DPLF recently submitted a comment responding to a call from the International Criminal Court (ICC) Office of the Prosecutor for input on how victim participation should be ensured in the principles of its policy on the crime of gender-based persecution. International human rights law and international human rights protection bodies have established that the persecution of individuals, groups of people, or communities entails serious violations of civil, political, and economic, social, and cultural human rights. Gender persecution is one such violation.
As a civil society organization dedicated to the promotion of the rule of law and human rights in Latin America, DPLF supports the Office of the Prosecutor’s commitment to seeking accountability for the crime against humanity of gender persecution. This commitment has been reflected in, among other actions, the investigations and filing of charges for this serious crime in several cases brought before the Court and in the adoption of the Policy on the Crime of Gender Persecution of December 2022.

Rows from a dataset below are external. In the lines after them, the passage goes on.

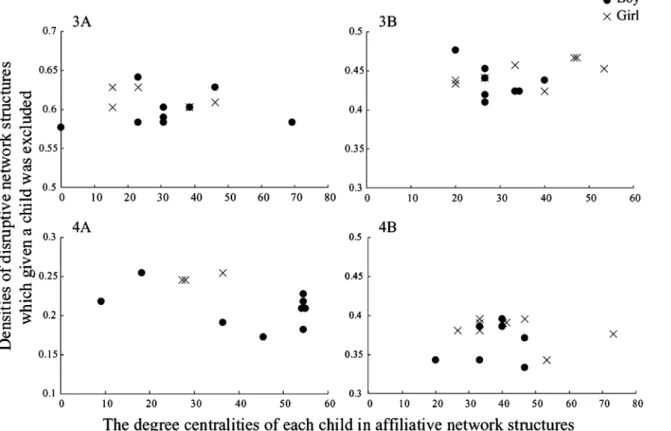 Figure 2. The relation between the degree centralities of each child in affiliative network structures and the densities of disruptive network structures in which the same child was excluded.
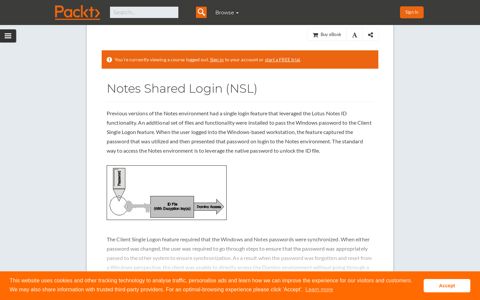 Notes Shared Login (NSL) - IBM Lotus Notes and Domino 8.5.1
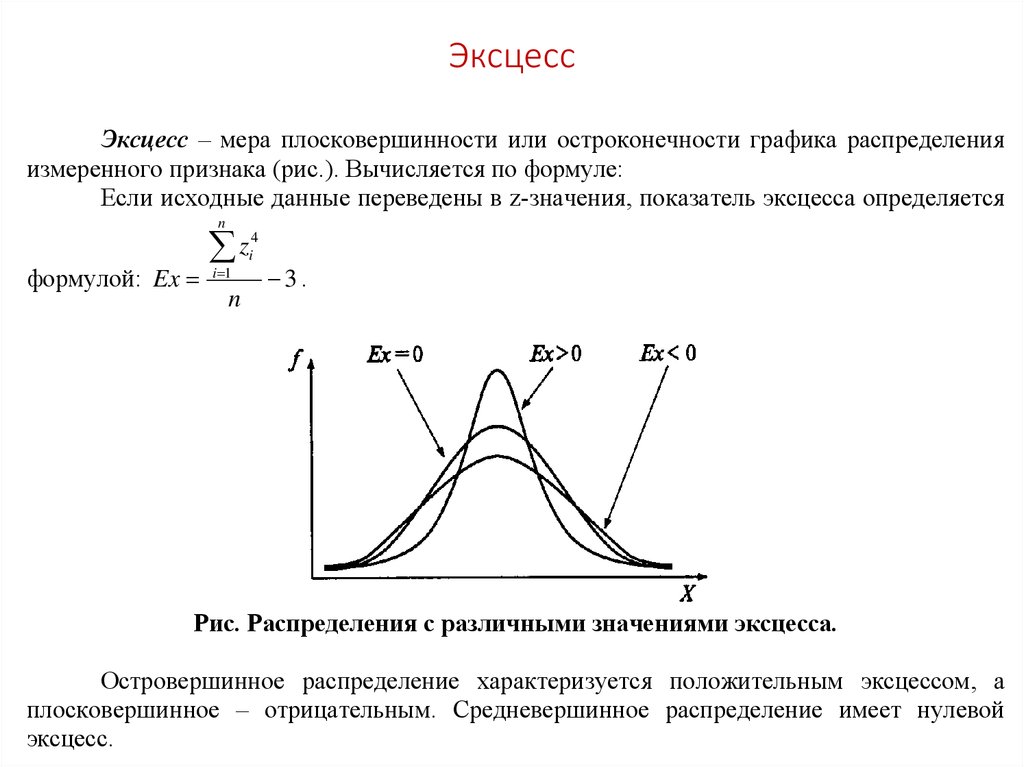 Что значит распределение. Коэффициент эксцесса нормального распределения. Эксцесс случайной величины формула. Коэффициент эксцесса формула. Асимметрия и эксцесс нормального распределения.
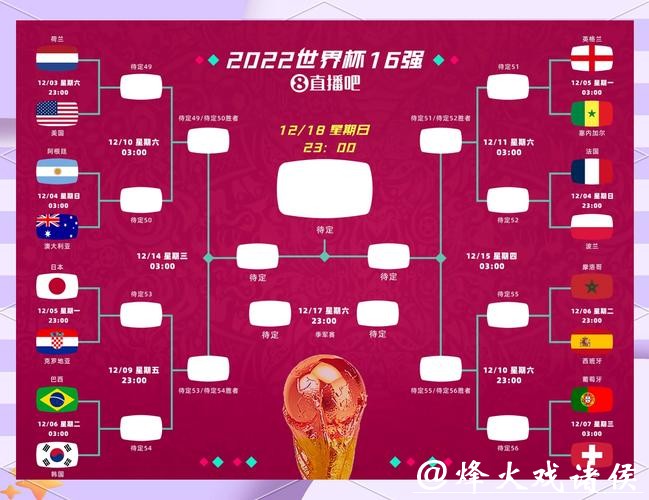 2026世界杯预选赛下注策略与技巧揭秘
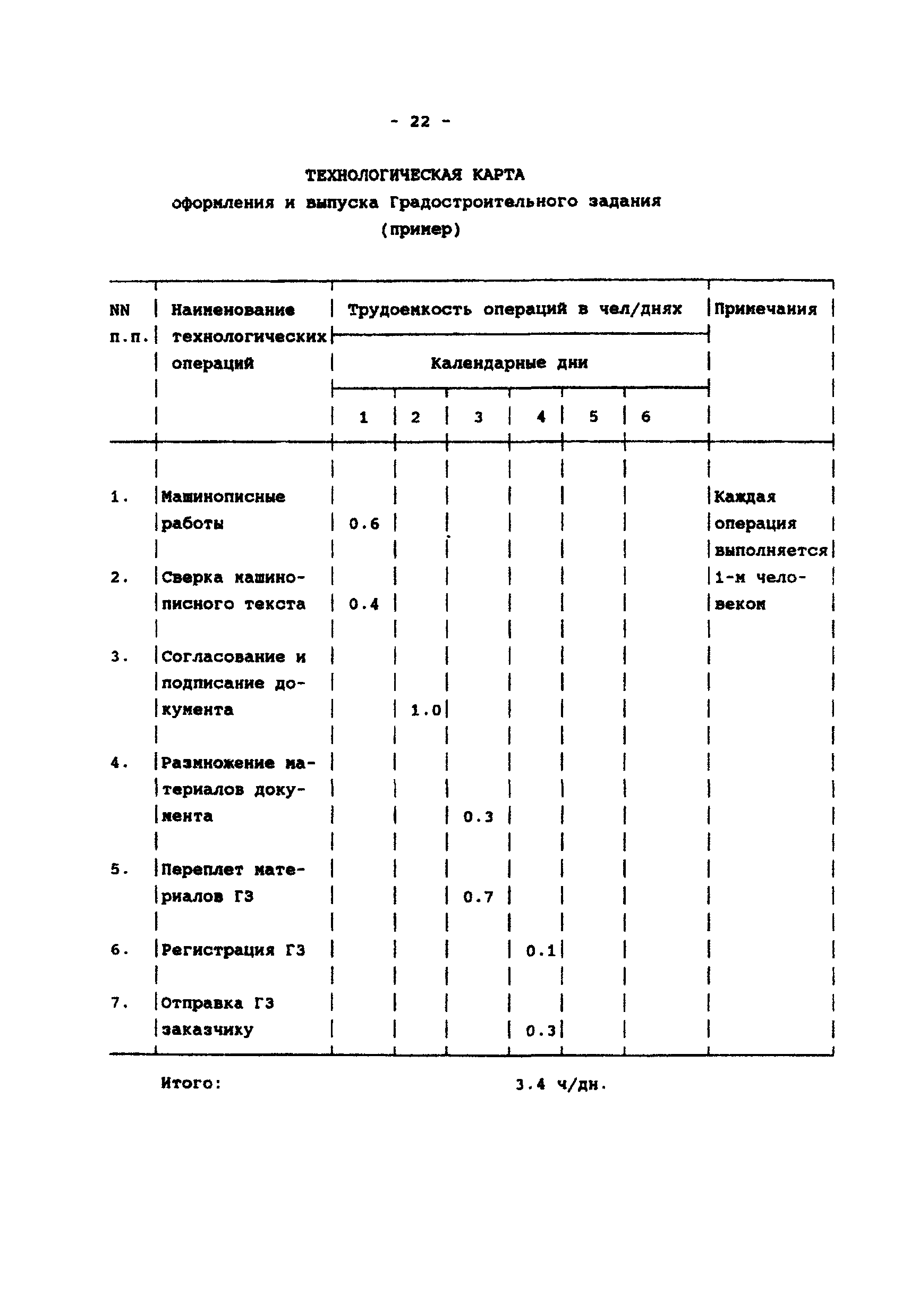 МРР 3.1.12-96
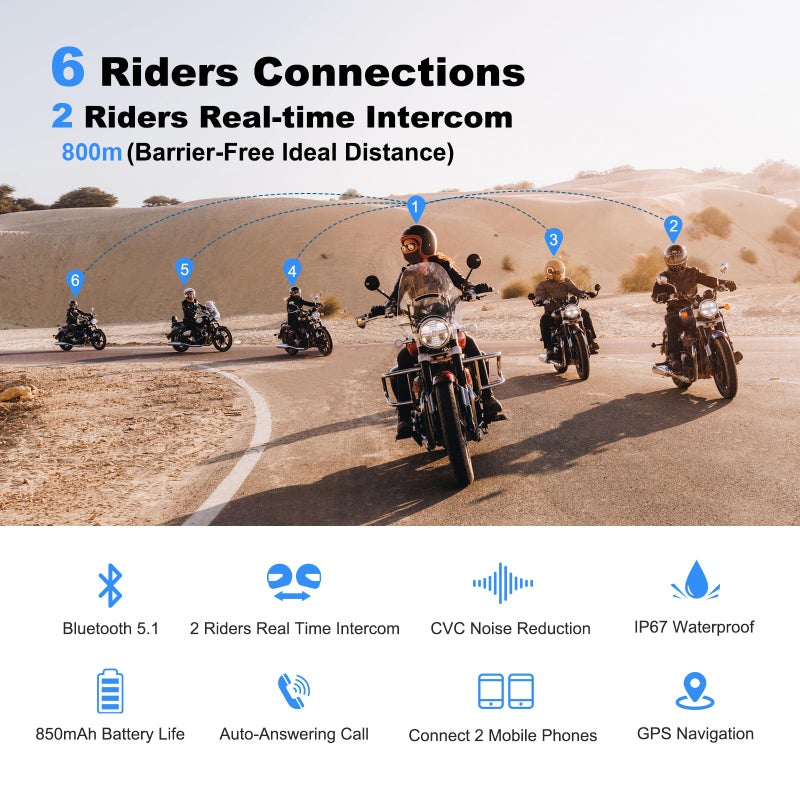 EJEAS V6 Pro Motorcycle Bluetooth Headset, Upgraded 2 Riders Intercom Helmet Communication System with Auto-Answering Call and Noise Reduction for Motorcycling Skiing and Climbing (1 Pack) - Image 2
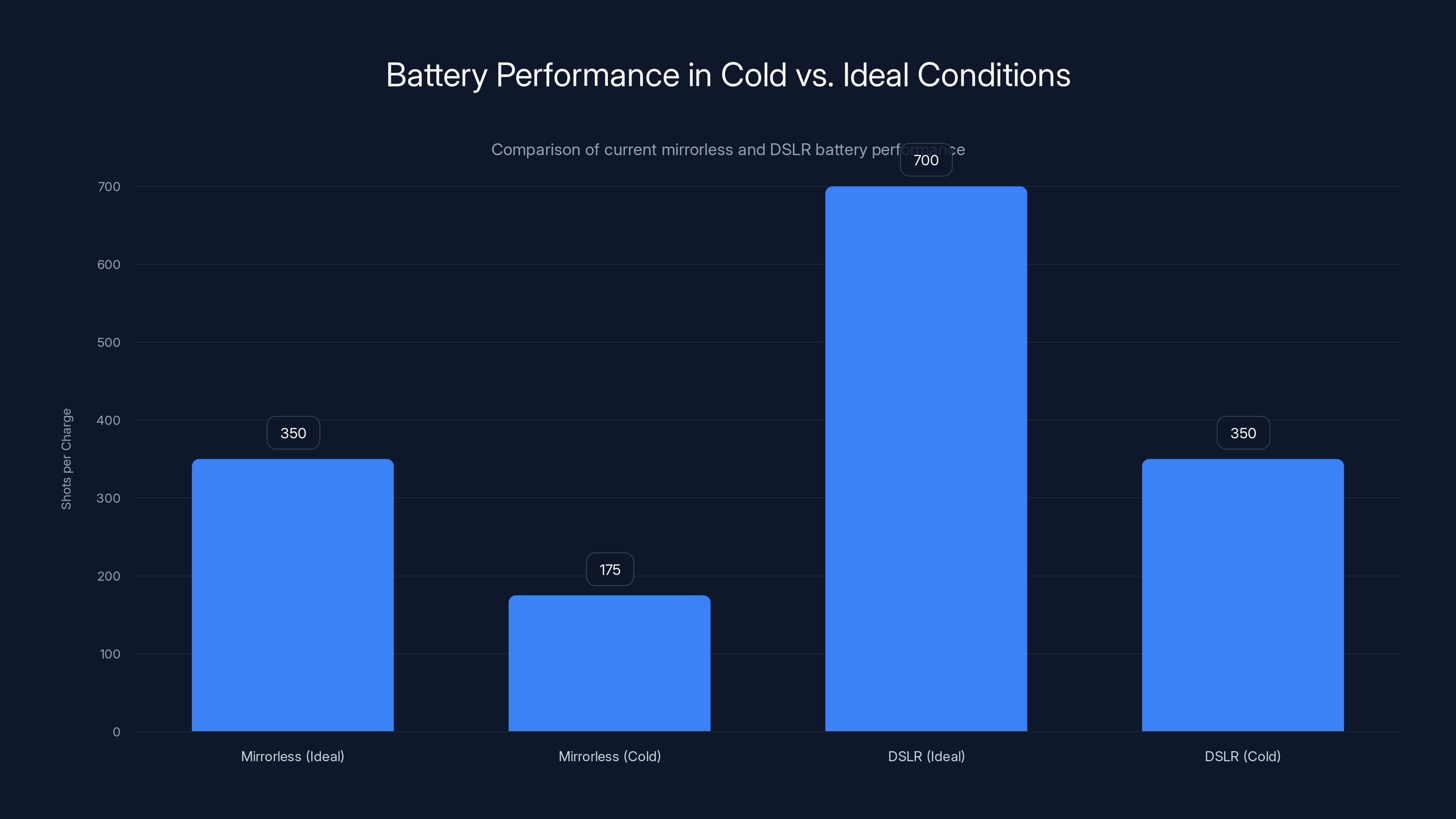 Battery Performance in Cold vs. Ideal Conditions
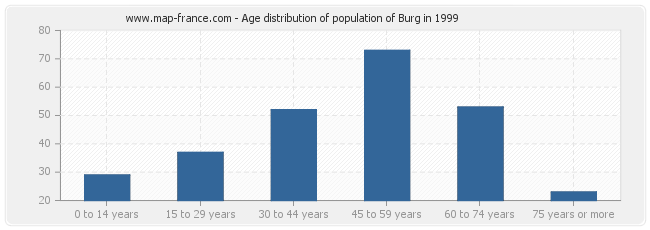 Age distribution of population of Burg in 1999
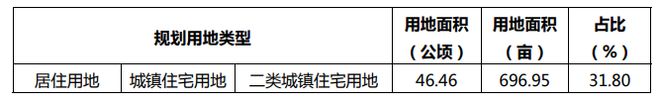 2960亩两大核心区域！2024海口大规模城市更新来了！(图2)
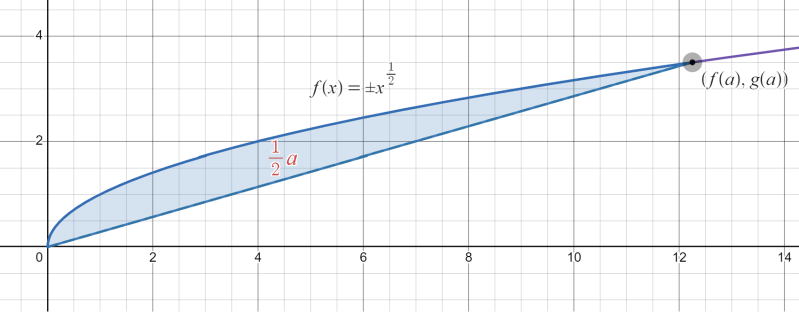 Trigonometry How To Graph Trigonometric Functions Mathematics Stack Exchange - Download Professional Light Picture | High Resolution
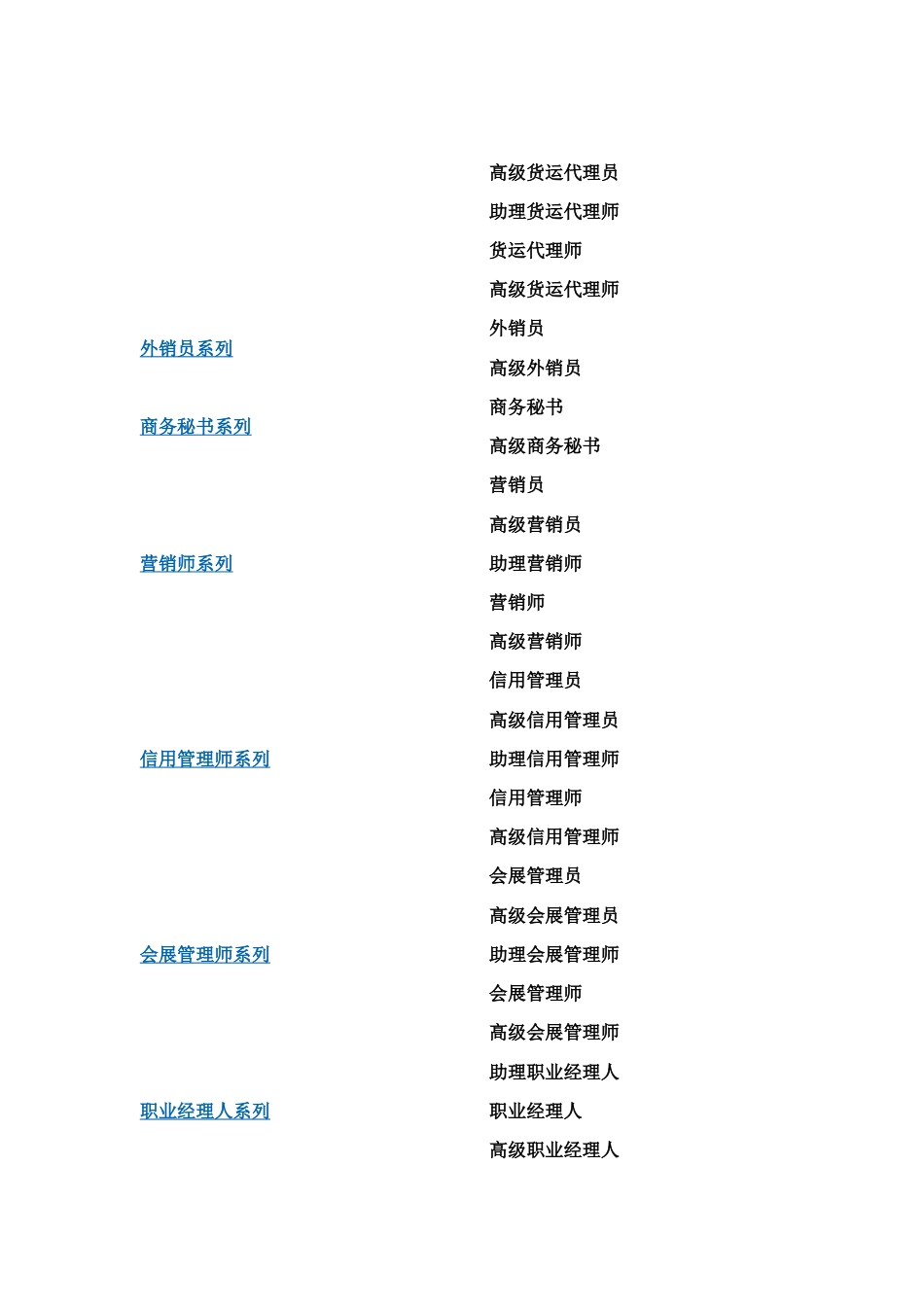 中国职业分类大全[共25页]_第3页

In our recent submission, we highlight some elements that are already present in several policy documents of the Office of the Prosecutor that we consider relevant in defining the nature and scope for preventing this crime and protecting victims’ rights, which the principles of the policy on the crime of gender persecution ought to include. These elements are: (i) due diligence; (ii) a systemic approach to the discrimination underlying gender persecution; (iii) an intersectional perspective; and (iv) the victim-centered and people-centered approach to justice. The comments on these topics are presented in light of paragraphs 1(b) and 3 of Article 21 of the Rome Statute.
In international criminal law, gender persecution was first categorized as an international crime and crime against humanity in the Rome Statute of the International Criminal Court (ICC). The ICC has referred to the crime of persecution as a particularly heinous crime of the highest gravity. The crime of persecution may be gender-based, and in itself entails the objective of discrimination, since it is a crime that identifies or is directed against persons or individuals on the basis of their sex characteristics and/or the social and cultural constructs and criteria used to define gender-determined behaviors, roles, attributes, and responsibilities.